Handphone Suci
Masih tentang keberagamaan digital. Mengaji atau membaca Qur'an mengalami proses digitalisasi secara masif. Dulu semua mengaji dengan mushaf Qur'an. Kita belajar mengaji dengan kitab Qur'an yang bertulisan besar, supaya lebih mudah membacanya.
Seiring dengan era komputerisasi, kitab Qur'an sudah masuk dalam program komputer. Pencarian ayat dan tafsirannya bagi pengkaji menjadi sangat mudah karena sudah terprogram secara khusus.
Muncullah masa yang saya sebut sebagai era disk, disket lalu flashdisk mulai menjamur. Ternyata Qur'an juga masuk ke dalam disk. Programnya bisa dipindahkan dan dibawa ke mana-mana dengan disk. Bila ingin mendengarkan qiraah dalam mobil, tinggal ditancapkan flashdisk pada layar kecil di dalam mobil.
Saya tidak tahu persis era apa lagi berikutnya. Saya langsung saja melompat membahas mengaji pada puncak era digital. Qur'an sudah tersaji menjadi aplikasi yang super lengkap yang bisa dimasukkan ke dalam hp atau tablet. Mengaji tidak lagi dengan membuka kitab Qur'an berupa mushaf itu, tetapi langsung dari Hp yang kita pegang tiap hari.
Jadi bagi yang menggenggam Hp di dalamnya sudah diisi oleh aplikasi Qur'an, artinya saat itu mereka memegang kitab suci. Dengan masuknya Qur'an di dalam Hp berdampak pada cara kita menyikapi benda yang paling sering dipegang dalam hidup kita, karena di dalamnya terdapat Qur'an.

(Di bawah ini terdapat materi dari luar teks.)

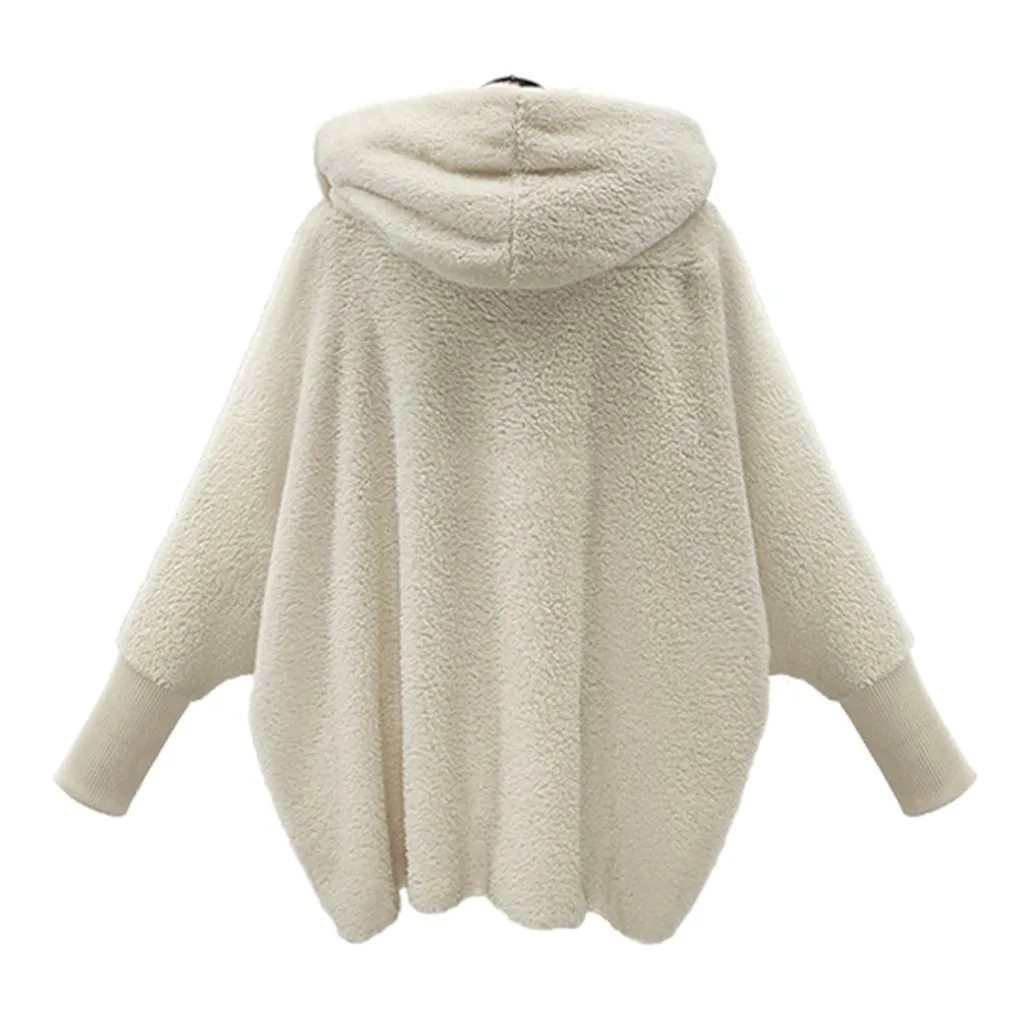 Teddy Bear Coat Jacket Women Fashion Open Stitch Winter Hooded Female Long Sleeve Fuzzy 2019 Hot New | Женская одежда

Pertanyaannya, apakah Qur'an di Hp sama dengan Qur'an berupa kitab yang tercetak itu? Bisa panjang pembahasannya, tapi kita pendekkan saja, sependek pengetahuan saya. Kalau disamakan dengan cara kita menyikapi kitab suci, seharusnya kita menyebut Hp kita sebagai Hp suci.
Sebagai Hp suci yang di dalamnya ada Qur'an seharusnya tidak bercampur dengan aplikasi lain yang bisa mengotori keberadaan Qur'an. Karena sebagai Hp suci, maka Hp itu sejatinya disikapi sama dengan cara kita menyikapi kitab Qur'an; menempatkan di atas atau tidak tertindis oleh benda-benda lain. Jadi Hp suci ini harus terjungjung setiap saat saat, termasuk berada di kantong pakaian bagian atas, bukan di kantong samping apalagi kantong celana bagian belakang.

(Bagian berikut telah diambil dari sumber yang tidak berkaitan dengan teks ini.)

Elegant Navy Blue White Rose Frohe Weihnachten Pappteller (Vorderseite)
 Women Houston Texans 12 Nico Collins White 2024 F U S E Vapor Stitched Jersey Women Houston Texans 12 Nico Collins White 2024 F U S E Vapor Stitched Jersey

Saya juga menduga yang ada di pikiran anda bagaimana kalau masuk ke WC sementara membawa Hp suci? Jawaban saya adalah dengan bertanya balik, apa yang anda lakukan sekiranya membawa kitab suci saat mau memasuki WC?
Apakah ada sikap konsisten dalam memaknai kesucian kitab suci? Atau terbersik di pikiran kita bahwa Qur'an digital berbeda derajat kesuciannya dengan Qur'an yang ada di kitab? Jadi Qur'an yang sesungguhnya iti tertulis di mana? Kesucian Qur'an itu pada wujudnya atau pada yang dipersepsikan? Bingung kan? Saya juga bingung! Kita hentikan dulu di sini, karena saya mulai nyasar, tiba-tiba menjadi pengkaji filsafat bercampur tasawuf.